Available files in dataset:
 - symptom_Description.csv
 - Symptom-severity.csv
 - symptom_precaution.csv
 - dataset.csv


In [53]:
class SymptomChecker:
    def __init__(self):
        self.medical_data = self._load_data()
        self.conditions = self._prepare_data()
    
    def _load_data(self):
        """Load and validate the clinical dataset"""
        try:
            print(f"\nLoading primary dataset: {FILE_NAME}")
            df = pd.read_csv(DATA_PATH)
            return df
        except FileNotFoundError:
            print("\nERROR: Missing dataset file.
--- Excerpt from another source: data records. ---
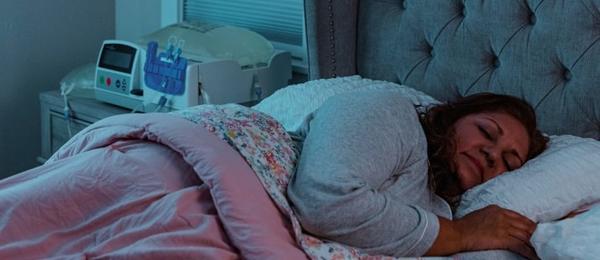 Patient sleeping while performing Automated Peritoneal Dialysis using a cycler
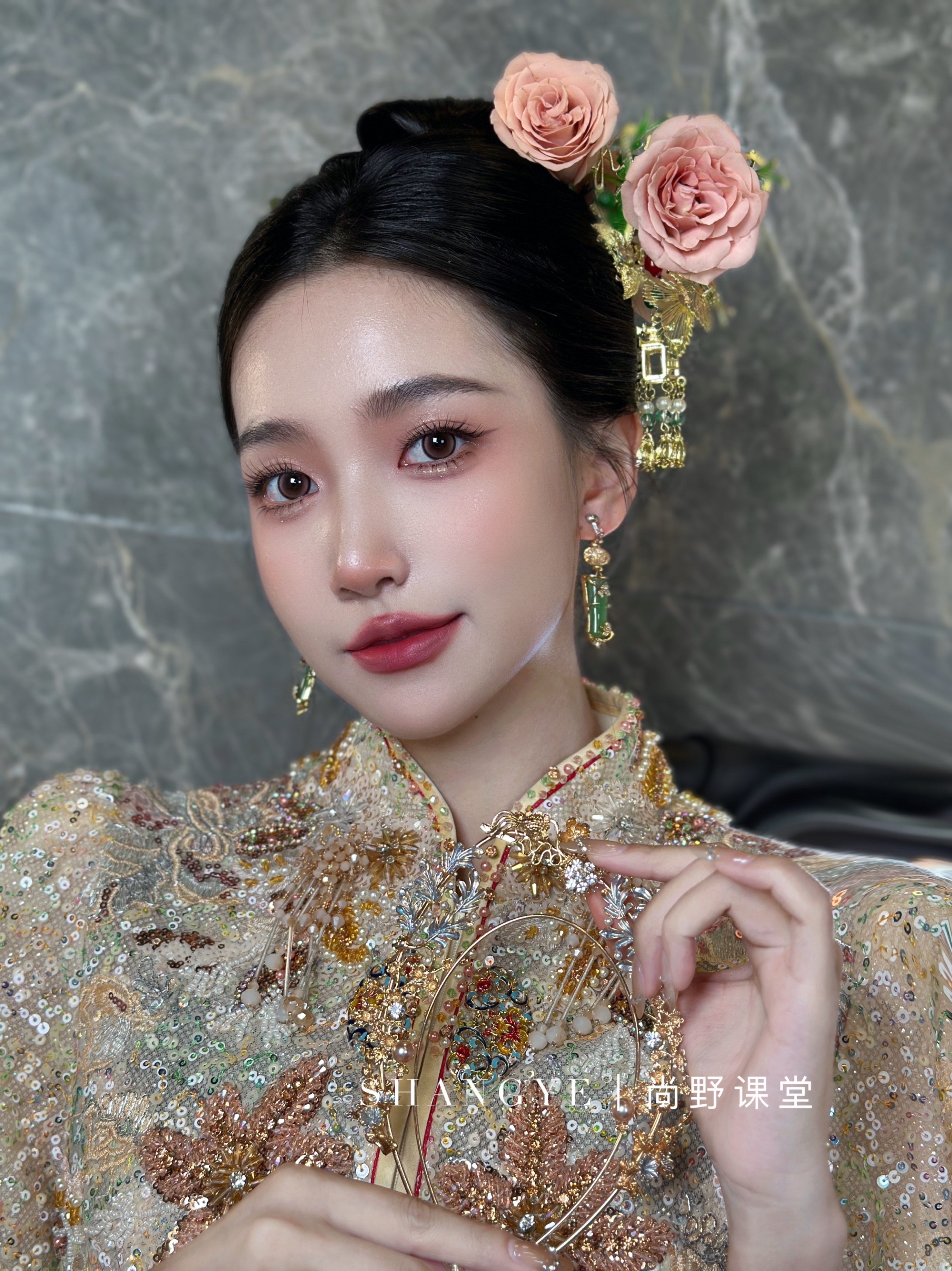 温婉端庄的中式秀禾 妆容精致饱满的红唇为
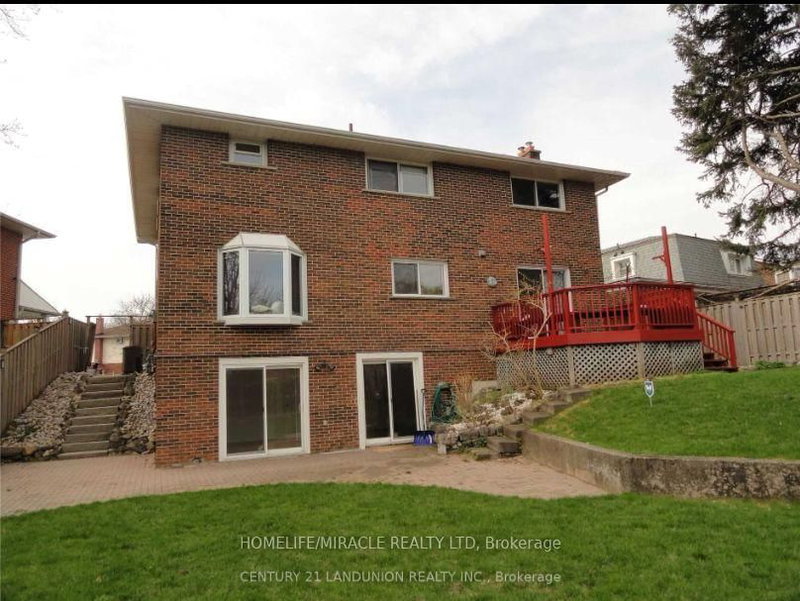 36 Roundwood Crt, Toronto, M1W 1Z2 | Image 2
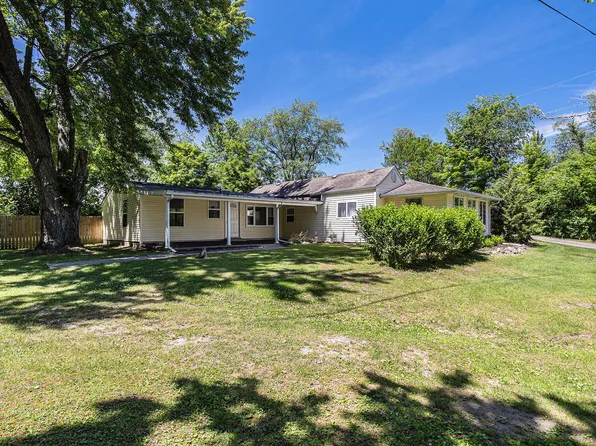 265 Broad St, Constantine, MI 49042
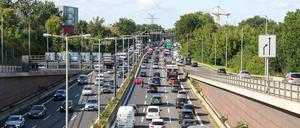 Als erste hat die Linke-Fraktion am Dienstag einen Antrag gegen den A100-Weiterbau beschlossen.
Verify:")
            print(f"1. File exists in {INPUT_DIR}")
            print(f"2. Correct file name (you have: {FILE_NAME})")
            exit()

    def _prepare_data(self):
        """Process disease-symptom relationships"""
        condition_db = {}
        for _, row in self.medical_data.iterrows():
            symptoms = [s.strip().lower() for s in row[1:].dropna().tolist()]  # Fetch all symptoms dynamically
            condition_db[row['Disease'].strip()] = {'symptoms': np.array(symptoms, dtype=object)}  # Store as NumPy array
        return condition_db

    def analyze(self, symptoms):
        """Improved symptom analysis logic using NumPy"""
        matches = []
        clean_symptoms = np.array([s.strip().lower() for s in symptoms], dtype=object)
        
        for condition, data in self.conditions.items():
            common = np.intersect1d(clean_symptoms, data['symptoms'])  # NumPy-based intersection
            if common.size > 0:
                matches.append((condition, common.size))
        
        return sorted(matches, key=lambda x: x[1], reverse=True)[:5]

In [54]:
def main():
    print("\n━━━━━━━━━━━━━━━━━━━━━━━━━━━━━━")
    print("  Medical Symptom Analysis System")
    print("━━━━━━━━━━━━━━━━━━━━━━━━━━━━━━")
    
    name = input("\nPatient Name: ").strip()
    symptoms = input("Symptoms (comma-separated): ").split(',')
    
    engine = SymptomChecker()
    results = engine.analyze(symptoms)
    
    print(f"\nAssessment for {name}:")
    if not results:
        print("⚠️ No clear matches - consult a physician")
        return
    
    for idx, (condition, score) in enumerate(results, 1):
        print(f"{idx}. {condition} ({score} symptom matches)")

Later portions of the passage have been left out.